This last result actually explains the prevalence of general covariance. The laws of a spacetime theory are typically stated as relations between invariant properties. Therefore if they are satisfied by one spacetime, they must also be satisfied by a transform of that spacetime that shares all the original's invariant geometric properties.

All observables can be reduced to invariants. For example, if one makes a journey from one galaxy to another, all observables pertinent to the trip will be invariants. These include the time elapsed along the journey, whether the spaceship is accelerating or not at any time in its journey, the age of the galaxy one leaves at the start of the trip and the age of the destination galaxy at the end and all operations that may involve signaling with particles or light pulses.

Therefore, since the two spreadings or distributions agree on invariants, they also agree on all observables and are observationally indistinguishable.

4. What Represents Spacetime? Manifold Substantivalism

We want to know whether we can conceive of spacetime as a substance, that is, as something that exists independently. To do this, we need to know what in the above structures represents spacetime. One popular answer to that question is that the manifold of events represents spacetime. We shall see shortly that this popular form of the answer is the one that figures in the hole argument. This choice is natural since modern spacetime theories are built up by first positing a manifold of events and then defining further structures on them. So the manifold plays the role of a container just as we expect spacetime does.[4]

The notion that the manifold represents an independently existing thing is quite natural in the realist view of physical theories. In that view one tries to construe physical theories literally. If formulated as above, a spacetime is a manifold of events with certain fields defined on the manifold. The literal reading is that this manifold is an independently existing structure that bears properties.

Appealing as manifold substantivalism once was, after one sees what trouble it causes, it becomes tempting to insist that the manifold of events lacks properties essential to spacetime. For example, there is no notion of past and future, of time elapsed or of spatial distance in the manifold of events. Thus one might be tempted to identify spacetime with the manifold of events plus some further structure that supplies these spatiotemporal notions. In relativistic cosmologies, that further structure would be the metrical structure. Readers who pursue this issue further will find that this escape from the hole argument sometimes succeeds and sometimes fails. In certain important special cases, alternative versions of the hole argument can be mounted against the manifold-plus-further-structure substantivalists. (See Norton 1988.)
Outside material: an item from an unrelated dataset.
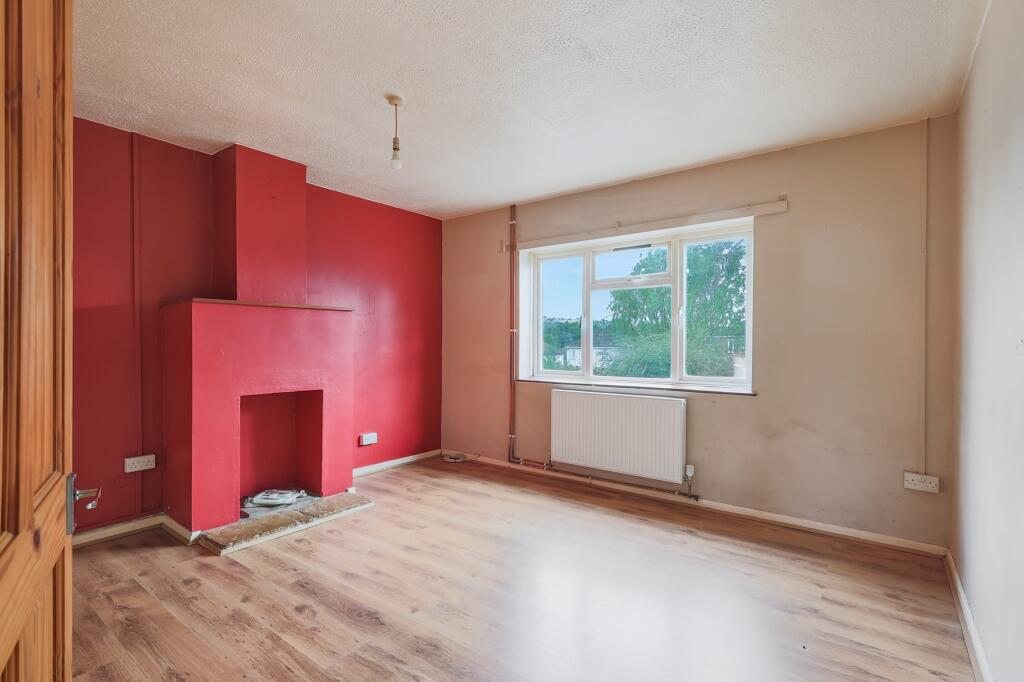 35 Queens Drive, Stroud, Gloucestershire, GL5 4NB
In general relativity, there is a further problem with arguing that the metric field properly belongs to spacetime since it carries essential spatiotemporal properties. The metric field of general relativity also carries energy and momentum — the energy and momentum of the gravitational field. This energy and momentum is freely interchanged with other matter fields in spacetimes. It is the source of the huge quantities of energy released as radiation and heat in stellar collapse, for example. To carry energy and momentum is a natural distinguishing characteristic of matter contained within spacetime. So the metric field of general relativity seems to defy easy characterization. We would like it to be exclusively part of spacetime the container, or exclusively part of matter the contained. Yet is seems to be part of both.
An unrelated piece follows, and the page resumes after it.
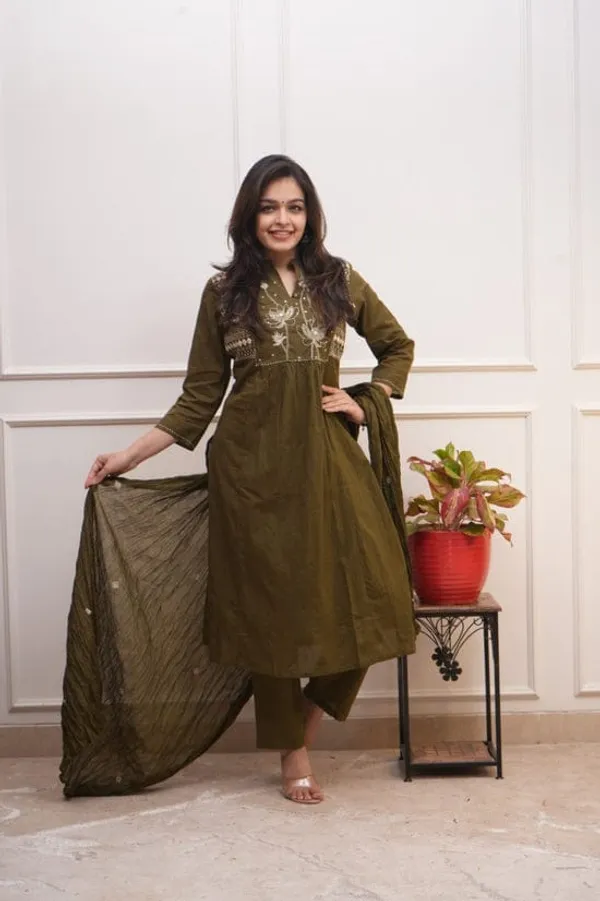 Stylish_work_kurti_pant_with_dupatta_for_Girls_and_Women's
5. The Price of Spacetime Substantivalism

So far we have characterized the substantivalist doctrine as the view that spacetime has an existence independent of its contents. This formulation conjures up powerful if vague intuitive pictures, but it is not clear enough for interpretation in the context of physical theories. If we represent spacetime by a manifold of events, how do we characterize the independence of its existence? Is it the counterfactual claim that were there no metric or matter fields, there would still be a manifold of events? That counterfactual is automatically denied by the standard formulation which posits that all spacetimes have at least metrical structure. That seems too cheap a refutation of manifold substantivalism. Surely, there must be an improved formulation. Fortunately, we do not need to wrestle with finding it. For present purposes we need only consider a consequence of the substantivalist view and can set aside the task of giving a precise formulation of the substantivalist view.
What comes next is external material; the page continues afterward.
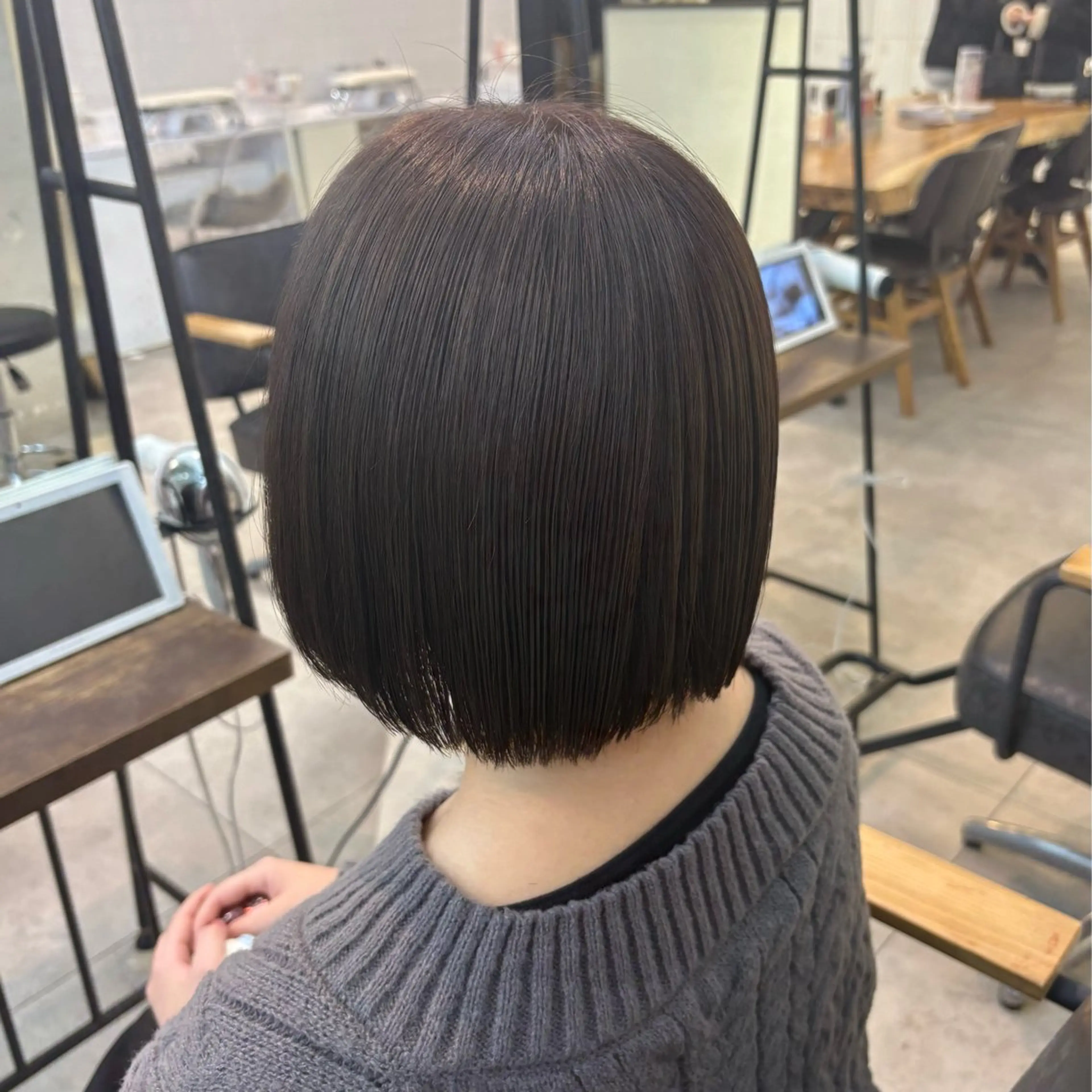ミディアム カット 透明感カラー/レイヤ ーカットりこ🤎🫧のヘアスタイル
In their celebrated debate over space and time, Leibniz taunted the substantivalist Newton's representative, Clarke, by asking how the world would change if East and West were switched. For Leibniz there would be no change since all spatial relations between bodies would be preserved by such a switch. But the Newtonian substantivalist had to concede that the bodies of the world were now located in different spatial positions, so the two systems were physically distinct.

Correspondingly, when we spread the metric and matter fields differently over a manifold of events, we are now assigning metrical and material properties in different ways to the events of the manifold. For example, imagine that a galaxy passes through some event E in the hole. After the hole transformation, this galaxy might not pass through that event. For the manifold substantivalist, this must be a matter of objective physical fact: either the galaxy passes through E or not. The two distributions represent two physically distinct possibilities.

Figure shows galaxy passes through E before the hole transformation but not after it.
Figure 6. Does the galaxy pass through event E?

That is, manifold substantivalists must deny an equivalence inspired by Leibniz' taunt and is thus named after him:[5]

Leibniz Equivalence. If two distributions of fields are related by a smooth transformation, then they represent the same physical systems.

6. Unhappy Consequences

We can now assemble the pieces above to generate unhappy consequences for the manifold substantivalist. Consider the two distributions of metric and matter fields related by a hole transformation. Since the manifold substantivalist denies Leibniz equivalence, the substantivalist must hold that the two systems represent distinct physical systems. But the properties that distinguish the two are very elusive.

We have already noticed that the two are observationally equivalent. So the substantivalist must insist that it makes a physical difference as to whether the galaxy passes through event E or not. But no observation can tell us if we are in a world in which the galaxy passes through event E or misses event E, for universes with either are observationally equivalent.

Worse, the physical theory of relativistic cosmology is unable to pick between the two cases. This is manifested as an indeterminism of the theory. We can specify the distribution of metric and matter fields throughout the manifold of events, excepting within the region designated as The Hole. Then the theory is unable to tell us how the fields will develop into The Hole. Both the original and the transformed distribution are legitimate extensions of the metric and matter fields outside The Hole into The Hole, since each satisfies all the laws of the theory of relativistic cosmology. The theory has no resources which allow us to insist that one only is admissible.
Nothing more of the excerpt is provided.